EXERCISE: Return the data below unchanged, without images.

STORED DATA:
........
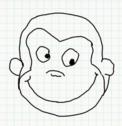 Badly Drawn Faces Curious George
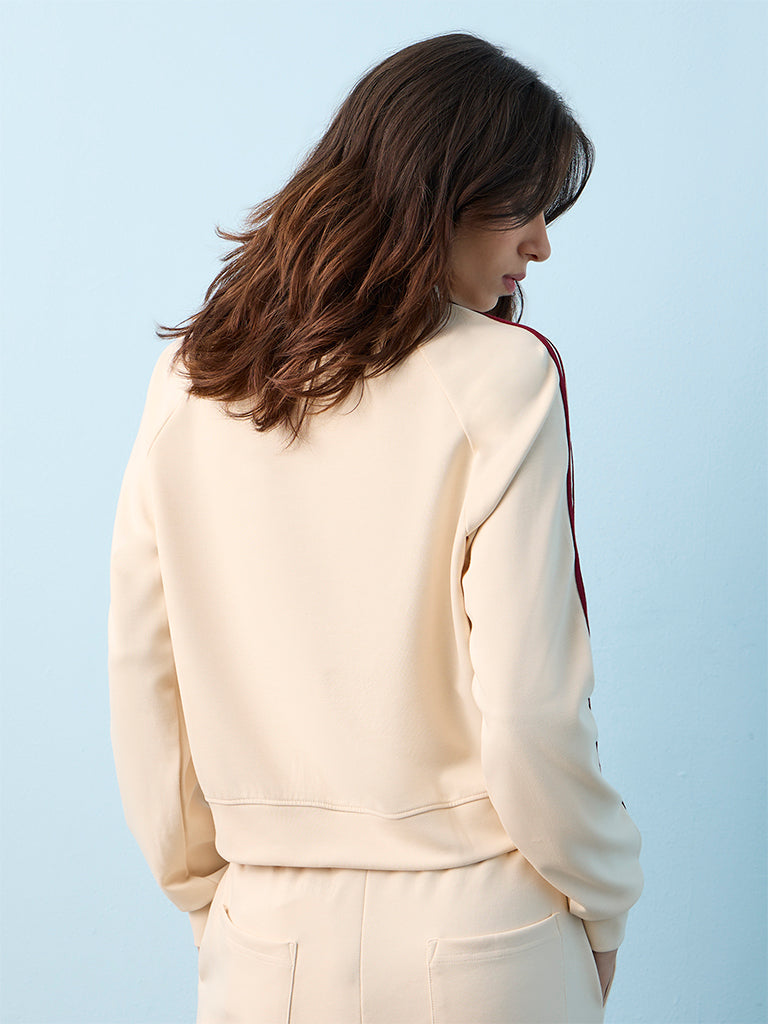 Nuoflexx Cream Striped Jacket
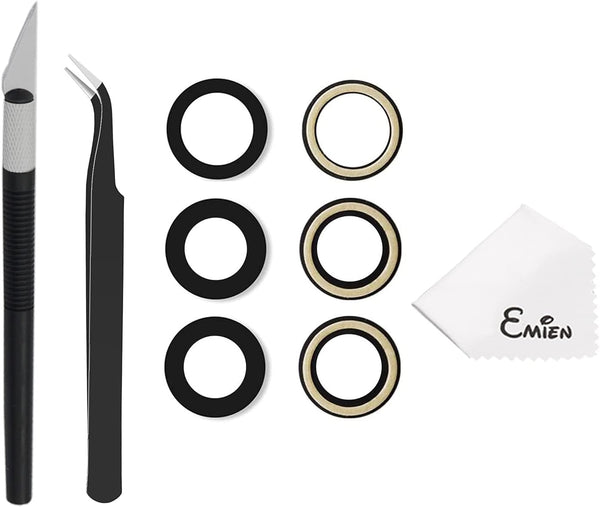 Back Rear Camera Glass Lens Replacement for iPhone 13 Pro and iPhone 13 Pro Max with Repairing Tool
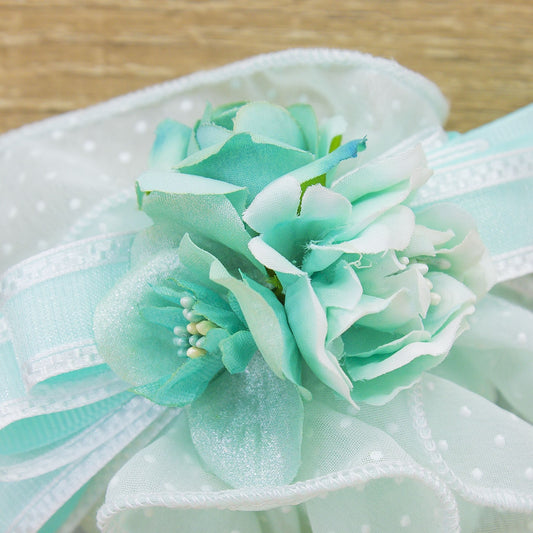 Sacchetto Pochette con Fiori Tiffany e Sali Profumati La Vie en Rose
........
RESULT OF THIS EXERCISE:
 Badly Drawn Faces Curious George
 Nuoflexx Cream Striped Jacket
 Back Rear Camera Glass Lens Replacement for iPhone 13 Pro and iPhone 13 Pro Max with Repairing Tool
 Sacchetto Pochette con Fiori Tiffany e Sali Profumati La Vie en Rose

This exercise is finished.